Da cristiani dobbiamo avanzare in mezzo a tutte queste difficoltà, angustie e lotte, impressionati certamente, ma non inquieti. Non ne siamo sorpresi, giacché Cristo ce l’ha predetto. Ma non ne siamo neanche sopraffatti, perché le affrontiamo con la forza di Gesù.
Nessun terrore, dunque. Il terrore è segno di cattiva coscienza!
Il profeta Malachia (3,19-20) e il Salmo 98 (97) esprimono un’attesa piena di speranza da parte di coloro che temono Dio e desiderano la sua giustizia. Il giorno del Signore segnerà la distruzione dell’ingiustizia nelle sue radici e nei sui germogli, la distruzione degli oppressori.
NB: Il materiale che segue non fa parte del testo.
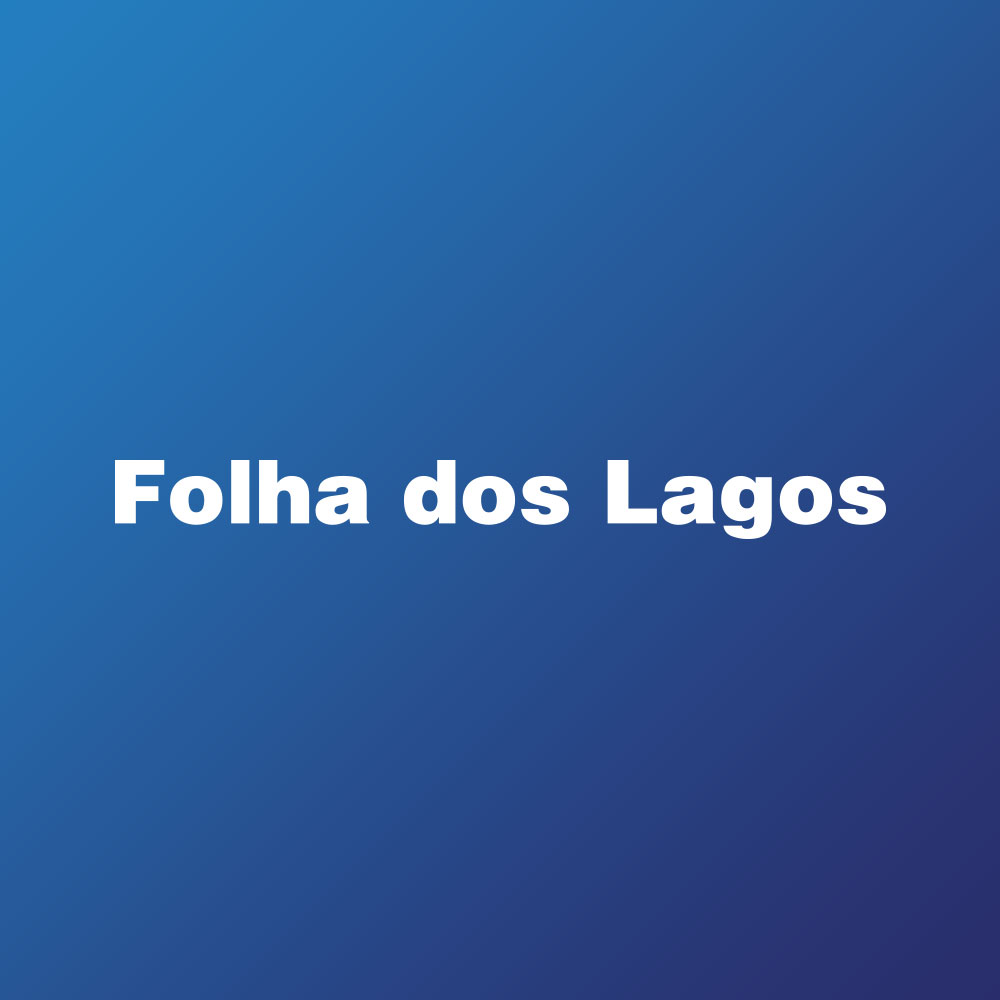 Clesio Guimarães por Administrador - Folha dos Lagos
Dobbiamo allora chiederci: noi da che parte stiamo?
Se stiamo dalla parte degli oppressori ci preoccupiamo del quando del come, dei segni, per trovare qualche stratagemma e sottrarci al giudizio di Dio. Se invece siamo dalla parte degli oppressi, Risolleviamoci e alziamo il capo, perché la nostra liberazione è vicina (Lc 21,5-19).